Filter this material down to the lines that contain the string "Street", and return those lines.

[[ EXTRACTED DATA open ]]

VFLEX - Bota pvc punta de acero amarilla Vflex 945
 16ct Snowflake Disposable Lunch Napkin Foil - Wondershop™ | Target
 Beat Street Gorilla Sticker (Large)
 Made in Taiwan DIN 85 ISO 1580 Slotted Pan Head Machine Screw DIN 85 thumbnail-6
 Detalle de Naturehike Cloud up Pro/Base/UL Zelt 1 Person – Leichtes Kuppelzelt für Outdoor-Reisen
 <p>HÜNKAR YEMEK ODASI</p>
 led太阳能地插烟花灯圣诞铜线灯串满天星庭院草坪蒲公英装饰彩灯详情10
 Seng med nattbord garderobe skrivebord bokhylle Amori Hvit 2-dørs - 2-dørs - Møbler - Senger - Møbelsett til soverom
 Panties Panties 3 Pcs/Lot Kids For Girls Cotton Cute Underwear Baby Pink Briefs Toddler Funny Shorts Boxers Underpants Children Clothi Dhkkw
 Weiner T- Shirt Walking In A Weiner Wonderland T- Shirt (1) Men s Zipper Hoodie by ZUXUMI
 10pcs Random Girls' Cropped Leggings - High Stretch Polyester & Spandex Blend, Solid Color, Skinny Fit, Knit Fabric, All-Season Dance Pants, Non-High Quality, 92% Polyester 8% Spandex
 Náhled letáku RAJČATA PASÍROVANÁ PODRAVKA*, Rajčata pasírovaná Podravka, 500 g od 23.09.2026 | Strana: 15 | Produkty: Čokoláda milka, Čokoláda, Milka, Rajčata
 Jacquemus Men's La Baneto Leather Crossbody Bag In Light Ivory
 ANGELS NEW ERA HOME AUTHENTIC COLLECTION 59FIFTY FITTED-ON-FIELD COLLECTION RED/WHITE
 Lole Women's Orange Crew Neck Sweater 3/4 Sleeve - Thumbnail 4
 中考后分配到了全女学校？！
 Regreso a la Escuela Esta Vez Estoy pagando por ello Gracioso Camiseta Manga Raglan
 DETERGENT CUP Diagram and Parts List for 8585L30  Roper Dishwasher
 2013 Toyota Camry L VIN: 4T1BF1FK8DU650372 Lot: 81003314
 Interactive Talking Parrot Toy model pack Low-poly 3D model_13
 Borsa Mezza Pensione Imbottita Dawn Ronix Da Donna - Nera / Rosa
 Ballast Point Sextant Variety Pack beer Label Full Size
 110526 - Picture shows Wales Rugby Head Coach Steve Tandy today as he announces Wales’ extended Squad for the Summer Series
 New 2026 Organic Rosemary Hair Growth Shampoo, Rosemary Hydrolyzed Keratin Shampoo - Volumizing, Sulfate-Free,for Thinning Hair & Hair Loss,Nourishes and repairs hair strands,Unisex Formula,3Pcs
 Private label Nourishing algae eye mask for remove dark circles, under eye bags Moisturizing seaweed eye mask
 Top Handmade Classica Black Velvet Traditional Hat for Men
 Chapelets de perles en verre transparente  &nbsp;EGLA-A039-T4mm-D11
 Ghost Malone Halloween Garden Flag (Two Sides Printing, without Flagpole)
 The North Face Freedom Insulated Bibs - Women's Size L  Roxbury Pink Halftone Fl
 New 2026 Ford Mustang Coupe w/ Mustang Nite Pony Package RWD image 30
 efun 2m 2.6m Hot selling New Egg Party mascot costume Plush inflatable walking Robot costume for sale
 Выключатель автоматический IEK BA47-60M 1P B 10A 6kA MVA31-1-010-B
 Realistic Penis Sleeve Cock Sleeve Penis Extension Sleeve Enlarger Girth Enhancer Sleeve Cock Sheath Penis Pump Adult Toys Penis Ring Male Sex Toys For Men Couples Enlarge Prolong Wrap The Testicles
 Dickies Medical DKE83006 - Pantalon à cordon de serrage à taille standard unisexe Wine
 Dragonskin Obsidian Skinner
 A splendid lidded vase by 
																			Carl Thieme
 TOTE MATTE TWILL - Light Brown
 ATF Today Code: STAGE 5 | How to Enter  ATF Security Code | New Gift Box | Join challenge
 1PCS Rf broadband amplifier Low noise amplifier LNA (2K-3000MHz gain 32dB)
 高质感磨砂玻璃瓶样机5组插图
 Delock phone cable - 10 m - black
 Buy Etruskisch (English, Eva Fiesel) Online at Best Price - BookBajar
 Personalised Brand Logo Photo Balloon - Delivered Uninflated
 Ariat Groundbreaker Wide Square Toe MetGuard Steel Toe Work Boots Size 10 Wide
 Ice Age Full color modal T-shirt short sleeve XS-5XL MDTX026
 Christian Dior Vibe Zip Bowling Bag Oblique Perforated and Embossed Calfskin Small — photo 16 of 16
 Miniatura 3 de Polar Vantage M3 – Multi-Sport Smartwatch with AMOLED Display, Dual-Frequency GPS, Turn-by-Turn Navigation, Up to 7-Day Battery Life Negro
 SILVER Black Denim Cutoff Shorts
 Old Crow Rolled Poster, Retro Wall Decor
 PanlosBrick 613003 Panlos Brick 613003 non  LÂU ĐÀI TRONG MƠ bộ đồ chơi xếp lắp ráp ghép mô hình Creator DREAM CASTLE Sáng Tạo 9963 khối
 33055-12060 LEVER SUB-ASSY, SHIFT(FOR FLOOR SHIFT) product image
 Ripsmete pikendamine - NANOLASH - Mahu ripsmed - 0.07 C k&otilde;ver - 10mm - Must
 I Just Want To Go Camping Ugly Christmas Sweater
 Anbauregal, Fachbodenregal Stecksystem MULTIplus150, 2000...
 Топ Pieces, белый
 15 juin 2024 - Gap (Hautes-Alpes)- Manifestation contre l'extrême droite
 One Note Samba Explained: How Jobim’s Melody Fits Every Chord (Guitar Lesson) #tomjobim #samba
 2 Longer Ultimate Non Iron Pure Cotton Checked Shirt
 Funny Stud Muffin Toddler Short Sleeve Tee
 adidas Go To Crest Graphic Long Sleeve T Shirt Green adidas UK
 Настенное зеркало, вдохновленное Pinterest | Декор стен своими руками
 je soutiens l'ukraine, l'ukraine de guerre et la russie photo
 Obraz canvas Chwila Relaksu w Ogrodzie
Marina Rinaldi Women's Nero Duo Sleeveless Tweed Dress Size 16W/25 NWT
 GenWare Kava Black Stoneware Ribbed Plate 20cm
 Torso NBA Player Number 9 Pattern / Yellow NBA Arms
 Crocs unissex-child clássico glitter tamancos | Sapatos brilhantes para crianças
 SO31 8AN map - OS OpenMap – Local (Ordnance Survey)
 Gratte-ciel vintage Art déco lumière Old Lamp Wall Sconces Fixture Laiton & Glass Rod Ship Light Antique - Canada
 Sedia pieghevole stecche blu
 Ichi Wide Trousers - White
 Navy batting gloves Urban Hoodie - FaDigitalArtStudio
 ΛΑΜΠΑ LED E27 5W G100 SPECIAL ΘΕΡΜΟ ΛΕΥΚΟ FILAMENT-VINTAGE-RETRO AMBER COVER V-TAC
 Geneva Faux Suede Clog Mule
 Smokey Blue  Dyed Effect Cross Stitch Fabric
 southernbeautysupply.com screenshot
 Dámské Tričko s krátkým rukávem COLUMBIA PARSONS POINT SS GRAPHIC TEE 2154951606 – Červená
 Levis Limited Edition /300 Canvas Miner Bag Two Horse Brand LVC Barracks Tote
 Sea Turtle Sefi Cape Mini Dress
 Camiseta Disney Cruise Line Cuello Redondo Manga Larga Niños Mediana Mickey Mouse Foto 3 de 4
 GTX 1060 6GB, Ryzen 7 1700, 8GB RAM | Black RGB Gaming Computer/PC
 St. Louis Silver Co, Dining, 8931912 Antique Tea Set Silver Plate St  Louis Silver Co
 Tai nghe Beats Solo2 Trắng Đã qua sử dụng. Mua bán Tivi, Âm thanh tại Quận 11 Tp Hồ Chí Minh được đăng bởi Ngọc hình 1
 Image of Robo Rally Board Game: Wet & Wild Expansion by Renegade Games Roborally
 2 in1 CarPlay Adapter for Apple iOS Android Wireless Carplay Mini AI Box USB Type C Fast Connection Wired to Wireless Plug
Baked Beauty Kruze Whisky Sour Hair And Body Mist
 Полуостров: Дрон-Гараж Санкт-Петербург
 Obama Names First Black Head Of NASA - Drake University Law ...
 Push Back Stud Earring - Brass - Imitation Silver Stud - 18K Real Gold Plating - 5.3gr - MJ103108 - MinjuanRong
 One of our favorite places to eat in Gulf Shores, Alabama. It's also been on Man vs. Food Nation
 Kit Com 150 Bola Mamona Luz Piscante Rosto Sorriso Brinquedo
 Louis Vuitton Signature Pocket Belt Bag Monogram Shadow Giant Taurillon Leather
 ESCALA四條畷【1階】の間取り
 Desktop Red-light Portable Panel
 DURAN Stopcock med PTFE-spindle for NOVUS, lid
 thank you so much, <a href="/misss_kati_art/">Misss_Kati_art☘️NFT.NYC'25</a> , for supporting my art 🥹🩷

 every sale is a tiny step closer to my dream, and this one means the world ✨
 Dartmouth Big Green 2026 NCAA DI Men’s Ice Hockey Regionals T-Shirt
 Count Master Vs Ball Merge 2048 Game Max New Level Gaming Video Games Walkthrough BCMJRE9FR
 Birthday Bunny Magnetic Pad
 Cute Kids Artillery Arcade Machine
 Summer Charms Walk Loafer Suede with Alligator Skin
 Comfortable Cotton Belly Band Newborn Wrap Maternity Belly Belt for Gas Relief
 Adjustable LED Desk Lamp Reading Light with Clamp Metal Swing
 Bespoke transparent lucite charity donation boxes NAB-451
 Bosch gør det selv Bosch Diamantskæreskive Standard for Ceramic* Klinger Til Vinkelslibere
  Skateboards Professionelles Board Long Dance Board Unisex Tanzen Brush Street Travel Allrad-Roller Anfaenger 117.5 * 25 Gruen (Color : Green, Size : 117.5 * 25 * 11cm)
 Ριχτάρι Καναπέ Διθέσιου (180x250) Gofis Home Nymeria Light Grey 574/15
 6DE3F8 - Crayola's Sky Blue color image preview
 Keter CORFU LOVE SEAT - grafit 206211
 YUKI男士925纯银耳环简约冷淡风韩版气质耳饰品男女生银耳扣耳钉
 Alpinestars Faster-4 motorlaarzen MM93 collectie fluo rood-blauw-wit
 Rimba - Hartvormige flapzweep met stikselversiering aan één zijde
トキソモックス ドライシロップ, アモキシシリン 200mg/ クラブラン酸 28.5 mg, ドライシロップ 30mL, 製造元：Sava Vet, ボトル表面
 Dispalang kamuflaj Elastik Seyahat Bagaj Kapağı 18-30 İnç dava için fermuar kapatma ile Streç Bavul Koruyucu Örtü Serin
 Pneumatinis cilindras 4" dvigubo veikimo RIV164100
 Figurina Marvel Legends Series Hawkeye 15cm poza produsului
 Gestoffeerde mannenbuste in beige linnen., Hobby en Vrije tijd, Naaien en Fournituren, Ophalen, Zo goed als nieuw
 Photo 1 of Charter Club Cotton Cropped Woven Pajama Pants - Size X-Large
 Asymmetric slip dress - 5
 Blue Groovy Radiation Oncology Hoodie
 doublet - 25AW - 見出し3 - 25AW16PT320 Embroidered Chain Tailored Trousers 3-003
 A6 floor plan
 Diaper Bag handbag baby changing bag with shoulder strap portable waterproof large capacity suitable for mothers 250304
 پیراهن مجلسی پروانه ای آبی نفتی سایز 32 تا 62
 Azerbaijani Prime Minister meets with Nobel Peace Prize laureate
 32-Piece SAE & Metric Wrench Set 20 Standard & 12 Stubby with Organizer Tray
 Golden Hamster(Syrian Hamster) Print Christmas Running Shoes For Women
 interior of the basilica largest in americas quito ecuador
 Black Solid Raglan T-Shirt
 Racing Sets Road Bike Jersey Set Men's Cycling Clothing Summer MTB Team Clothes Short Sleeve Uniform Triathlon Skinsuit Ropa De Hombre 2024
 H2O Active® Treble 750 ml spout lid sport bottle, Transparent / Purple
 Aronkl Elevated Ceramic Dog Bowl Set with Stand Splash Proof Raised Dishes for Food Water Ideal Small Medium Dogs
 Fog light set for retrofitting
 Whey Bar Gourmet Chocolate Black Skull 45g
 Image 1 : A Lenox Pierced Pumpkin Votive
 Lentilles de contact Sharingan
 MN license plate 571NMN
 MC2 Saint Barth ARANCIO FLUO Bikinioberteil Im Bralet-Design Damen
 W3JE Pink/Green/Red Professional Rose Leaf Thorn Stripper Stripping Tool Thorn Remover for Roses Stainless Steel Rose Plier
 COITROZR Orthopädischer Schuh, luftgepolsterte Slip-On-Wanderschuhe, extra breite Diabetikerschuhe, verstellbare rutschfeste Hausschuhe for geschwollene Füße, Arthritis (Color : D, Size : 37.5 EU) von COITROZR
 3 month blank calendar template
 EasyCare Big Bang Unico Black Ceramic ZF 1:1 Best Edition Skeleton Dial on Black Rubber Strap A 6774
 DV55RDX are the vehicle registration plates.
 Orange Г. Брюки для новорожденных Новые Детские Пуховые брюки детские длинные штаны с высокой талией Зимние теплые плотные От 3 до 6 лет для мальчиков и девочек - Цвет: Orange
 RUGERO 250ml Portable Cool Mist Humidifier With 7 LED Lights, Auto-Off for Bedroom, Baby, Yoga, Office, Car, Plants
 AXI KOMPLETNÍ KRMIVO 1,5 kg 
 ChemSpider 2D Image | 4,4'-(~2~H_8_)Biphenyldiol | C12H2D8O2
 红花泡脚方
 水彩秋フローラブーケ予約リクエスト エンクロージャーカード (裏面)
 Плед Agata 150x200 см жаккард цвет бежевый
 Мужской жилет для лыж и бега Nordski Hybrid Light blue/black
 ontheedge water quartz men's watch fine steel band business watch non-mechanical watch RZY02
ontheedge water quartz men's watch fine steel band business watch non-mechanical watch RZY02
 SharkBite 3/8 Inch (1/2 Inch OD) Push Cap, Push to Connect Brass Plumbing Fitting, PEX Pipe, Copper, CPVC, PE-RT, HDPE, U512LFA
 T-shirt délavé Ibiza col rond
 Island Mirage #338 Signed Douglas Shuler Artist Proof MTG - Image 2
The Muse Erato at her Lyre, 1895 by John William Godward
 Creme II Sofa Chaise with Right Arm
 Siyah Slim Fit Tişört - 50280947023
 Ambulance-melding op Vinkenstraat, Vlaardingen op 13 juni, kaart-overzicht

[[ EXTRACTED DATA closed ]]

**EXPECTED ANSWER**
 Beat Street Gorilla Sticker (Large)
  Skateboards Professionelles Board Long Dance Board Unisex Tanzen Brush Street Travel Allrad-Roller Anfaenger 117.5 * 25 Gruen (Color : Green, Size : 117.5 * 25 * 11cm)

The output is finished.